The first major change to the Triumph TR4 came in 1965, when the Triumph TR4A took over. Although the styling and basic running gear were much as before, the Michelotti design now hid a completely different chassis.
Two years earlier, Triumph had launched a new upper-middle-class sedan, the 2000, which featured a new type of independent rear suspension, with coil springs and cast alloy semi-trailing arms. For the TR4A, the engineers squeezed a slightly different version of this new rear end under the existing bodyshell. To support this, and to locate the chassis-mounted final drive casing, a new chassis frame had to be developed, this being more rigid than the original type and visually quite different.

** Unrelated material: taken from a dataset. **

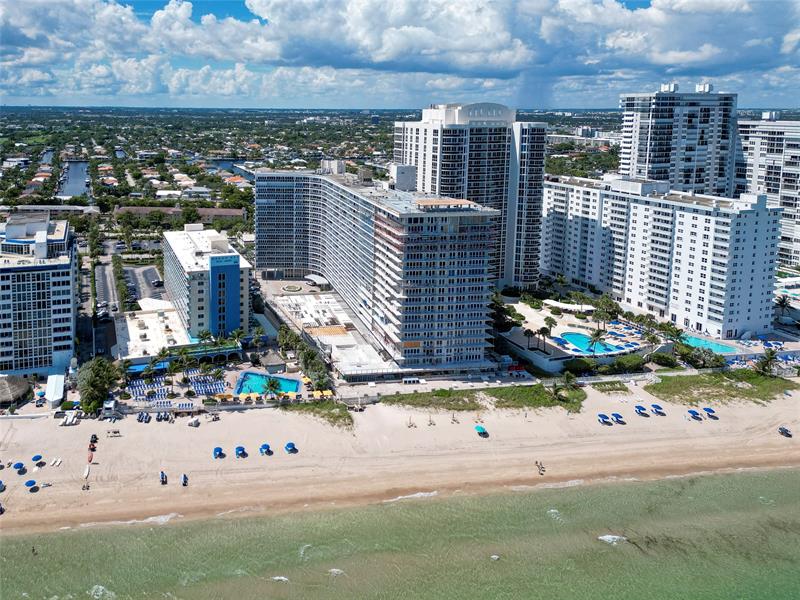 Image 23 of 59 For 4100 Galt Ocean Drive  1805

The 1965 Triumph TR4A could be identified by its
tubular horizontal-bar grille that replaced the
stamped aluminum unit seen on the TR4.
Save for the fact that it was no faster, this latest TR was a much improved car, riding better and no longer suffering from the excessive rear-axle hop that had afflicted all previous TR types. Unless, however, you happened to buy a TR4A fitted with the old-fashioned beam axle.
Once again, U.S. Triumph dealers -- looking over their shoulders at the MGB -- could be blamed. Unwilling to face up to higher prices, or an unproven suspension system, they lobbied for an alternative. Therefore, Triumph somehow married the old axle and leaf springs to the new frame, reducing the price a little in the process. Maybe one-third of all TR4As got the beam axle, most of them apparently being sold on the East Coast.
Visually, TR4As could be identified by a tubular horizontal-bar grille that looked more substantial than the cheaper stamped aluminum unit on the TR4. Running lights and amber flashers duplicating the directional signals were placed in fussy housings riding high on the front fenders, trailed by a chrome strip that faded away just above the door handles. The amber lights were blacked out on U.S. cars.